Within a few short months, Roos and her team were providing masks for our regional healthcare clinics and hospitals as well as over 40 senior and long-term care facilities.
“There were days when the responsibilities of this role could be overwhelming, but the commitment of our volunteers is what kept me going,” Roos said. “One woman in her 80s has single-handedly produced over 10,000 headbands. Another woman has produced over 4,000 masks. A local high schooler learned to sew just to make masks. Our youngest volunteer, a four-year-old, helps remove pins as her mom makes them.”

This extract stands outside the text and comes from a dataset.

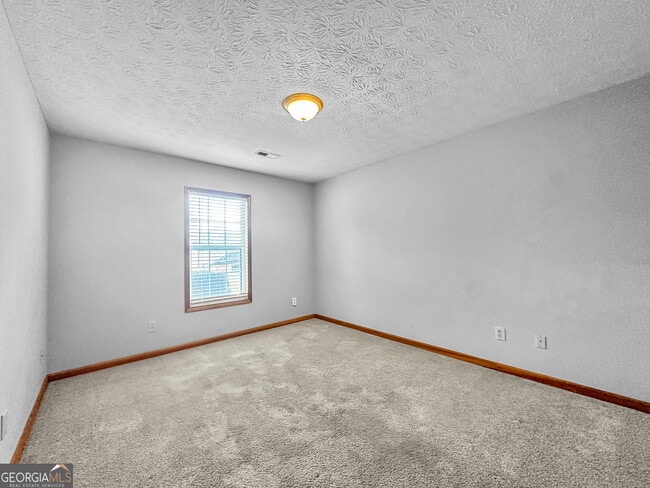 Building Photo - 290 Cornwallis Way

And while the power of her volunteers cannot be overstated, Roos also recognizes the essential role of MAF’s fiscal sponsorship as well as generous funding from the community. Without these resources and donations, Get Mankato PPE would not be here today.

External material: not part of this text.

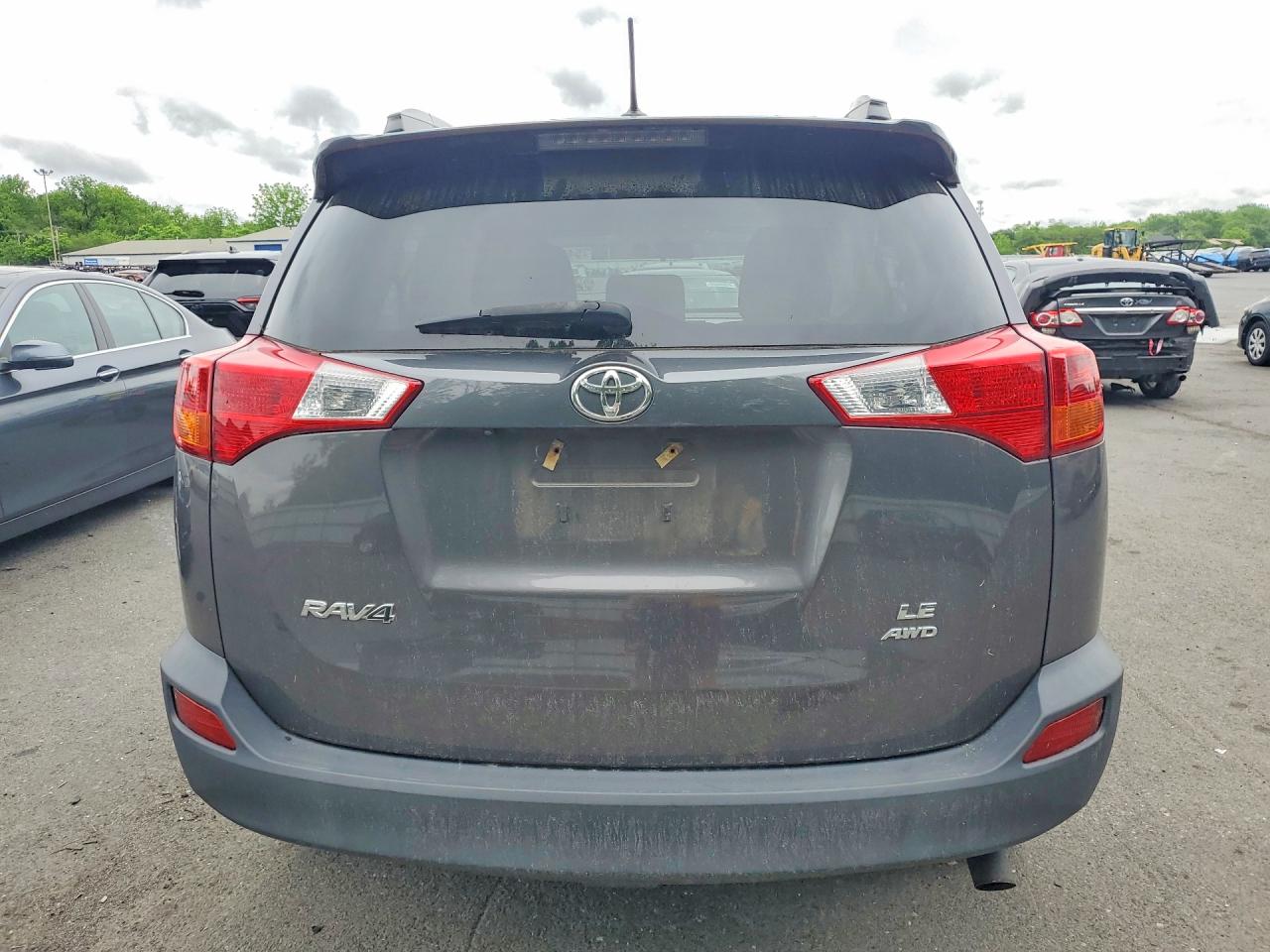 2014 Toyota Rav4 Le Серый vin: 2T3BFREV8EW192738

“Without the Foundation, we wouldn’t exist. It’s just not possible,” Roos said. “MAF stepped in and said, ‘Hey, this sounds important. Let’s go for it.’ And thanks to their unique relationship with the community and local donors, we were able to bring so many important key players to the table—including both cities, area counties, Greater Mankato Growth and Mayo Clinic Health Systems Event Center.”
In addition to a fiscal sponsorship, MAF provided access to significant funding for Get Mankato PPE.
“Because of their visibility and support of this project, we had tens of thousands of dollars donated to our cause,” Roos said.
In the first five months since its inception, Get Mankato PPE raised or was granted over $70,000 to purchase all the supplies needed to create masks and headbands for the community while maintaining a 100 percent volunteer workforce. As of September, Get Mankato PPE had produced over 40,000 masks for the region.
“I think it’s unfortunately easy to not understand the value of a community foundation until you witness something like this,” Roos said. “But because they exist, we were able to provide these life-saving tools to our community for free.”
Looking to the future, Roos and Get Mankato PPE are continuing to grow and adapt as necessary.
“When I first wrote the business plan, I had very optimistic goals of sun-setting at four months,” Roos said. “But we know now the need will be with us for a long time. We have shifted to helping local schools and kids’ organizations, and who knows what our next focus will be?”
Ultimately, the success of Get Mankato PPE is incalculable.
“I do not believe we will ever truly grasp what we have accomplished, because the success of our efforts prevented something far worse from occurring,” Roos said.
And other communities have taken notice. Roos has made her business plan public so other groups can replicate her efforts, and she has heard over and over again how uniquely supportive the Mankato community has been when it comes to this cause.
“No one predicted something like this would happen in a million years, but MAF, our volunteers, and our community collectively responded by saying, ‘We’ve got this.’ All it took was a few people asking, ‘What am I willing to do to make a difference?’” Roos said. “And then they did just that.”